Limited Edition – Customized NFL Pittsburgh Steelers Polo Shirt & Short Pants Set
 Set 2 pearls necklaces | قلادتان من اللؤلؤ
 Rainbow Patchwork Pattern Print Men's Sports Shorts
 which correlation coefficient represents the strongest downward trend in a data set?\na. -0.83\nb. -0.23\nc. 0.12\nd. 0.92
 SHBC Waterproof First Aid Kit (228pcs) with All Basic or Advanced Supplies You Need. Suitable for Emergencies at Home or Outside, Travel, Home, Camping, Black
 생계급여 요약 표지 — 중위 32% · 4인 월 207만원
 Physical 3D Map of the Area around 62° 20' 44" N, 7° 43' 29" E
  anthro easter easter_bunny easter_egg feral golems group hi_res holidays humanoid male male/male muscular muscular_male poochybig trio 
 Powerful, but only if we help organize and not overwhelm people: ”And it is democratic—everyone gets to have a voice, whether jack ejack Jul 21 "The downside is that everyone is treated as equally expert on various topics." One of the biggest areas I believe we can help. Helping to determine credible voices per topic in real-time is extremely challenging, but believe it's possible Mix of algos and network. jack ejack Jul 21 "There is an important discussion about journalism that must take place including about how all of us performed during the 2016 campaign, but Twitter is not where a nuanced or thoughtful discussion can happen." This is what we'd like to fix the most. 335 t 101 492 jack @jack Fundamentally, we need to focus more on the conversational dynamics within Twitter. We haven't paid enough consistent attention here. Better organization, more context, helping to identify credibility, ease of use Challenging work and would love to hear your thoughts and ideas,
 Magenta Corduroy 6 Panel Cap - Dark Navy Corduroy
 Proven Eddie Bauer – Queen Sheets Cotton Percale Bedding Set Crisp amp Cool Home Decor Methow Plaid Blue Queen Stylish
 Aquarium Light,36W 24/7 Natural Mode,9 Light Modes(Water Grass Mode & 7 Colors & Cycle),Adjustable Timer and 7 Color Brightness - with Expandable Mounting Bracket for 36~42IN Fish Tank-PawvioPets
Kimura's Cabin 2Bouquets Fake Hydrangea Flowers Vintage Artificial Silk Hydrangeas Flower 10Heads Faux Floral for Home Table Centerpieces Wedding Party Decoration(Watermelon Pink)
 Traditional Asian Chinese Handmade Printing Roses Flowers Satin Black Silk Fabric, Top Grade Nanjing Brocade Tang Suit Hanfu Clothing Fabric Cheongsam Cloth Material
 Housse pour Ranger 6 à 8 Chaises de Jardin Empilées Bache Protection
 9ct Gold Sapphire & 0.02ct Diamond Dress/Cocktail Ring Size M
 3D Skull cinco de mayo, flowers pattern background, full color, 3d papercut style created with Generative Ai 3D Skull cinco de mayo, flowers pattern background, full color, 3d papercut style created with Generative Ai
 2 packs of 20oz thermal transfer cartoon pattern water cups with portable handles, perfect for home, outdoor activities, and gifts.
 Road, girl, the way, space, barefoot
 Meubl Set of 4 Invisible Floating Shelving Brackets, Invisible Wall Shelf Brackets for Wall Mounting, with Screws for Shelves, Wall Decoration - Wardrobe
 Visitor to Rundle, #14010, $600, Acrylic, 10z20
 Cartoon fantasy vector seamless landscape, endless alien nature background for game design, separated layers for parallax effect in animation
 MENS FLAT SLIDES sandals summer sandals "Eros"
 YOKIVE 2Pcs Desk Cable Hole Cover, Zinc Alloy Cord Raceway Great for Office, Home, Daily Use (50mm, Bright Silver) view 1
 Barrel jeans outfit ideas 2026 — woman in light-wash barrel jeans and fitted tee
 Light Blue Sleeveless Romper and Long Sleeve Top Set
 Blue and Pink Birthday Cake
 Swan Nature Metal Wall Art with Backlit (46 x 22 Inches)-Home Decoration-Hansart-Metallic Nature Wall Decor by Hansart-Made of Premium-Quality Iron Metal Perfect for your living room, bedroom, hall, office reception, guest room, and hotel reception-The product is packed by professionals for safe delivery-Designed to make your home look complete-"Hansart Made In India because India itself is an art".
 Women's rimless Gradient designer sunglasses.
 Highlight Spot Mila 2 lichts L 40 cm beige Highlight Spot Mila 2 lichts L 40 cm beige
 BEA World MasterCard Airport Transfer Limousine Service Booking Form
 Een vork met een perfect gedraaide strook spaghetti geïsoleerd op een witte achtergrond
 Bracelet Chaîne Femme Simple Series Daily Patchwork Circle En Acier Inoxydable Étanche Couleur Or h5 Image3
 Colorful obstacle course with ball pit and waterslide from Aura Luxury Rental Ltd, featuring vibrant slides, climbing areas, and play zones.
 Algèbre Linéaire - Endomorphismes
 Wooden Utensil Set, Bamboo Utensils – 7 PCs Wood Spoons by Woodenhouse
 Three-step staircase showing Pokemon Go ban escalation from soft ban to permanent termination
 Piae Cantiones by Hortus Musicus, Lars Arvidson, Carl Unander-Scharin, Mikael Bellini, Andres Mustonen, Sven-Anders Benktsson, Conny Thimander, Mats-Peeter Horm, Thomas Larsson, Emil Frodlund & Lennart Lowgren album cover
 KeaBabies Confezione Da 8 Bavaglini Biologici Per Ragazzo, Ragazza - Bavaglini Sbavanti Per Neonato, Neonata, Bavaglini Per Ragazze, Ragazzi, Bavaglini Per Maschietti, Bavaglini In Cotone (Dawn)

Task to carry out:
Retype, exactly and with nothing added, the lines of the material above from the first through the one that contains "which correlation coefficient".

Result below:
Limited Edition – Customized NFL Pittsburgh Steelers Polo Shirt & Short Pants Set
 Set 2 pearls necklaces | قلادتان من اللؤلؤ
 Rainbow Patchwork Pattern Print Men's Sports Shorts
 which correlation coefficient represents the strongest downward trend in a data set?\na. -0.83\nb. -0.23\nc. 0.12\nd. 0.92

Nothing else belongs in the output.